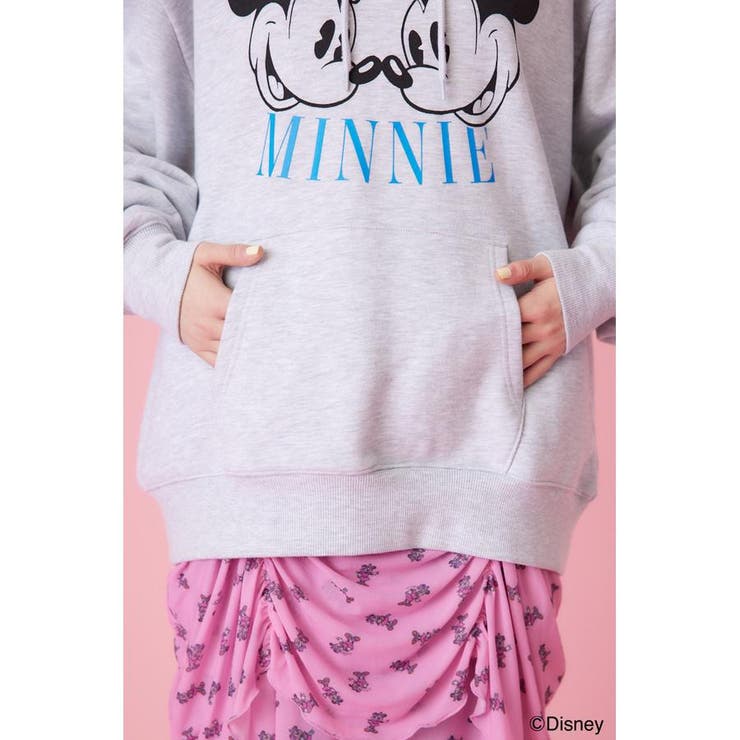 (ミッキー＆ミニー)スウェットパーカー | RODEO CROWNS WIDE BOWL | 詳細画像32 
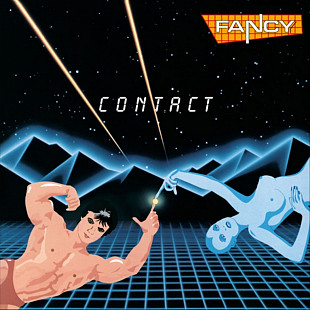 Fancy - Contact - 1986. (LP). 12. Vinyl. Пластинка. Europe. S/S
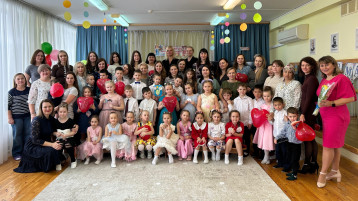 8 Марта в группе «Звездочки» 8 Марта в группе «Звездочки».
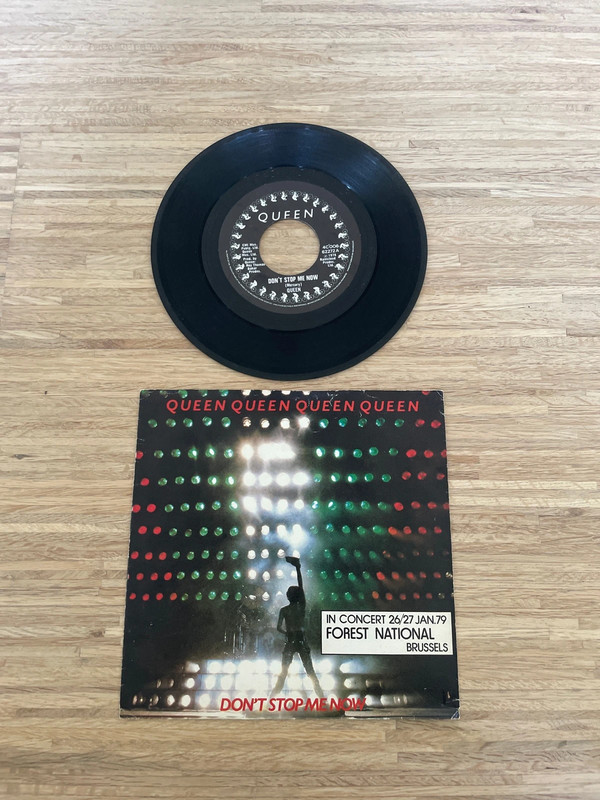 Queen - Don’t Stop Me Now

**Goal of the exercise:**
Repeat all of the listing above word for word, and exclude the pictures.

**Final answer:**
 (ミッキー＆ミニー)スウェットパーカー | RODEO CROWNS WIDE BOWL | 詳細画像32 
 Fancy - Contact - 1986. (LP). 12. Vinyl. Пластинка. Europe. S/S
 8 Марта в группе «Звездочки» 8 Марта в группе «Звездочки».
 Queen - Don’t Stop Me Now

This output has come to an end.